My kids learned to read without being forced. They did not do phonics, they learned to read whole words from flashcards. As far as they were concerned it was guessing game. Then on to reading books together designed for more whole word recognition, which is reading guns stories. I wrote a blog post about it: https://pietersz.co.uk/2009/11/educating-lucy-learning

> I am 14. I have many interests. I would love to have a career revolving around those interests, but in order to do this, I have to acquire various basic skills and distinguish myself. But I am 14, etc.

You can explain to a 14 year old. My kids had been out of school for years at that age and I had not had to force them to do anything. A teenager is perfectly capable of understanding that in order to achieve somethings they have to do other things. If they want a particular career you explain that as well as the interesting things they have to do some less interesting things. If they want to study a particular subject to a higher level they have to meet entrance requirements.

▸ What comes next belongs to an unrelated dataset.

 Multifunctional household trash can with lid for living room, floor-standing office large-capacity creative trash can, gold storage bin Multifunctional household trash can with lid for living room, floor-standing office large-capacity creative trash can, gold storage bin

> You have to make them do stuff sometimes, including learning.

Sometimes, but rarely with learning. The problem is that making them do stuff is the default, not the exception.

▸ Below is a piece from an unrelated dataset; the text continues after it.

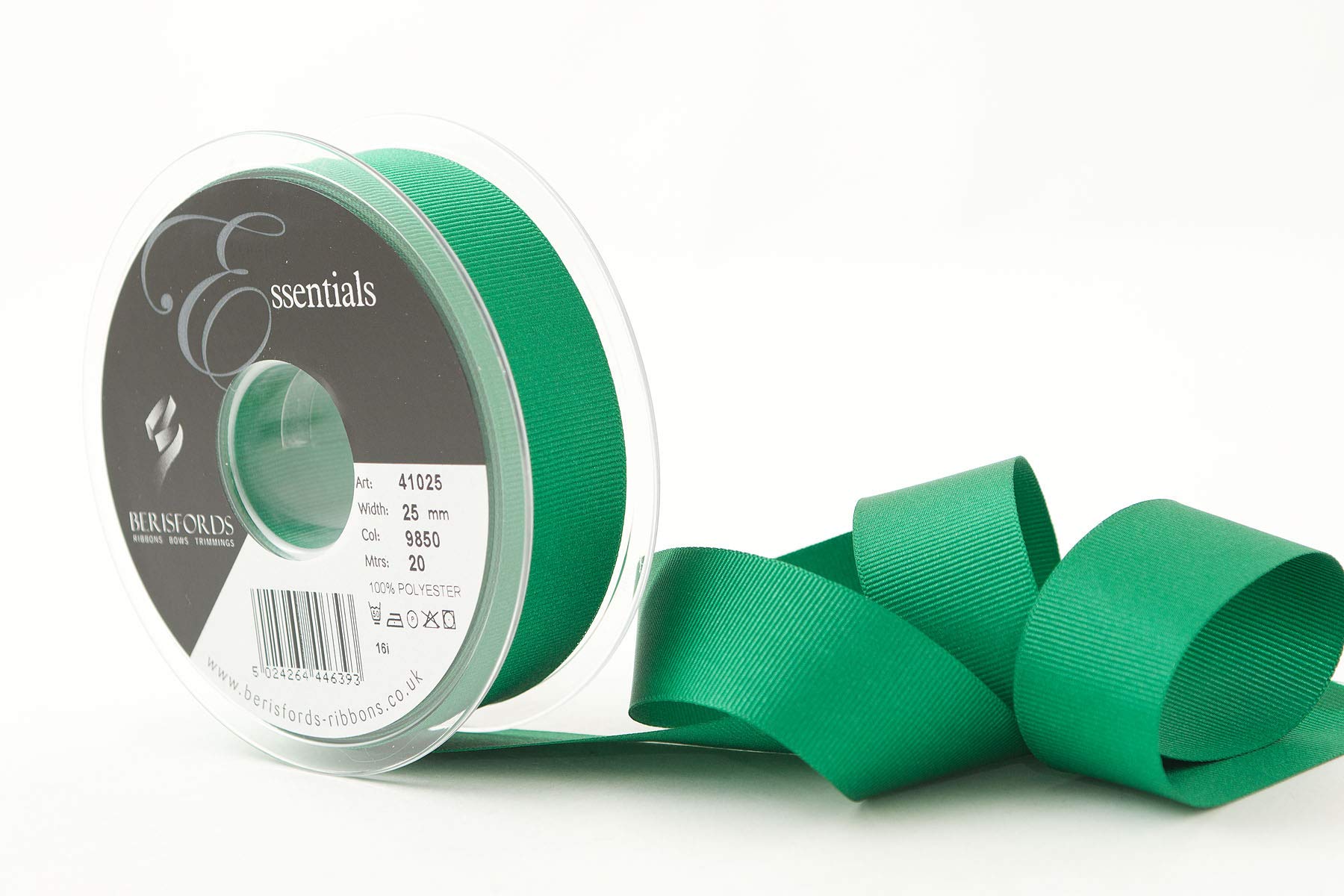 Berisfords Grosgrain, Polyester, Emerald, 10.4 x 10.4 x 2.9 cm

I'm glad you've experienced success with these strategies, but unfortunately you can't generalize that.

> They did not do phonics, they learned to read whole words from flashcards.

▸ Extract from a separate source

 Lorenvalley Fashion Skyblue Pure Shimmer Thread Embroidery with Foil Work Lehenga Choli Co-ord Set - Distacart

Whole language learning is a perfect example of this: The fifth word on the Wikipedia page for whole language is "discredited." [1] It's been linked to systemic regressions in literacy among children. Clever kids with lots of support can succeed despite whole language methods, but in general, whole language is significantly worse than phonics. I'm glad it worked for your kids — hands-on attention from a parent is an excellent way to learn :) — but in the classroom, it is empirically much worse than the alternatives.

[1]: https://en.wikipedia.org/wiki/Whole_language

> The problem is that making them do stuff is the default, not the exception.

It is great for kids to be intrinsically motivated & I think the course material should be as engaging as possible, but often the kids are disengaged regardless, and I'm skeptical that there's some special trick we can pull to make the majority of kids passionate about fourth grade math class. A lot of them just won't be that interested in long division, and I think it's better to make learning a smooth and efficient experience than to jangle enrichment opportunities in front of their faces like cat toys. Alternative approaches always irritated the hell out of me as a kid. "Aren't you inspired? Don't you feel creative?" No! Just tell me what's going to be on the test and let me do the work!

The wikipedia article you cite is marked as needing citations.

The research shows whole word learning does not work well in a classroom setting. it works well one to one. If parents do it as a game with kids it works. Its worked for at least two generations in my family and we all learned to read at least a bit before we went to school, or outside school, or in a different language and alphabet (English at home) we learned in school. Well ahead of school in the latter cases, despite a phonetic alphabet in school!

> t is great for kids to be intrinsically motivated & I think the course material should be as engaging as possible, but often the kids are disengaged regardless

They disengage because they are forced to do things that are disengaging. As other have commented kids enter schooling enjoy learning, and a few years later have lost it.

> A lot of them just won't be that interested in long division,

Why do long division? There is lots of maths that is interesting. We are talking past each other here. I am saying the curriculum learning demotivating, and your answer is that kids need to be forced to do curriculum learning. I have specifically discussed maths in other comments: https://news.ycombinator.com/item?id=48409430 and there are links to more detail about some of my experiences with maths from the blog post I linked to already.

> Alternative approaches always irritated the hell out of me as a kid. "Aren't you inspired? Don't you feel creative?"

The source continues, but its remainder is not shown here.